Никогда больше он не взберется на льдистые пики Диких гор. Никогда не проплывет по Сухой реке, никогда не встретит утро на Вечерних холмах. Никогда не пройдет по Стеклянному лесу, звенящему под порывами ветра.

Только во сне можно дружить с теми, кого ты убил. Только во сне можно победить в проигранном споре.

– Мне некуда больше бежать, Рон, – прошептал Троев. – Я такой же трус, как и ты. Мне будет слишком страшно за вас, если я вернусь в Дом.

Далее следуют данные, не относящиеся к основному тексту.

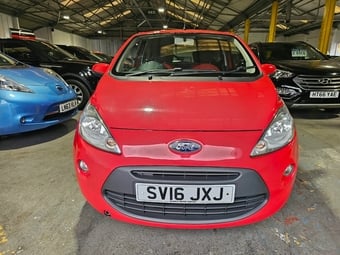 Ford Ka 2016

Капитан Ян Троев по-прежнему служит в Десантном Корпусе. Его бригаду перебрасывают с планеты на планету – и она действует столь же успешно, как раньше. Разве что проявляет меньше инициативы – да и неудивительно, ведь капитан Ян Троев ходит теперь с глазами мутными и стеклянными от выпитого снотворного. Он принимает таблетки каждый вечер, в такой дозе, которую молодой и циничный полковой врач назвал «полусмертельной». Может, он и прав, но на медицинские советы Троев не реагирует. Он говорит, что проиграл какой-то спор, и продолжает принимать лекарство – в один и тот же час, каждый вечер, перед сном, в котором капитану Яну Троеву больше нет места.

* * *

Иногда рассказы пишутся долго, но чаще все-таки на одном дыхании, влет. Рассказ «Поезд в Теплый Край» писался именно так. Наверное, это самый страшный из написанных мной рассказов. Возможно, это самый лучший мой рассказ. Но я не мог раньше и не смогу сейчас объяснить, как и почему он был написан. Рассказ пришел сам, я лишь посредник между текстом и Вами. Посредник и наблюдатель. Меня там не было.

Только знаете, там было очень холодно…

Поезд в Теплый Край

1. Купе

– Идет дождь, – сказала жена. – Дождь…

Тихо, почти равнодушно. Она давно говорила таким тоном. С той минуты на пропахшем мазутом перроне, когда стало ясно – дети не успевают. И даже если они пробились на площадь между вокзалами – никакая сила не пронесет их сквозь клокочущий людской водоворот. Здесь, на узком пространстве между стенами, рельсами, оцепленными охраной поездами, все метались и метались не доставшие билета. Когда-то люди, теперь просто – остающиеся. Временами кто-нибудь, не то с отчаяния, не то в слепой вере в удачу, бросался к поездам: зелено-серым, теплым, несущим в себе движение и надежду… Били автоматные очереди, и толпа на мгновение отступала. Потом по вокзальному радио объявили, что пустят газ, но толпа словно не слышала, не понимала… Он втащил жену в тамбур, в очередной раз показал проводнице билеты. И они скрылись в келейном уюте четырехместного купе. Два места пустовали, и драгоценные билеты мятыми бумажками валялись на углу откидного столика. А за окном поезда уже бесновались, растирая слезящиеся глаза, оставшиеся. В неизбежные щели подтекал Си-Эс, и они с женой торопливо лили на носовые платки припасенную минералку, прикрывали лицо жалкими самодельными респираторами. А поезд уже тронулся, и последние автоматчики запрыгивали в отведенные им хвостовые вагоны. Толпа затихла – то ли газ подействовал, то ли осознала, что ничего не изменишь. И тогда со свинцово-серого неба повалил крупный снег. Первый августовский снег…

– Ты спишь? – спросила жена. – Будешь чай?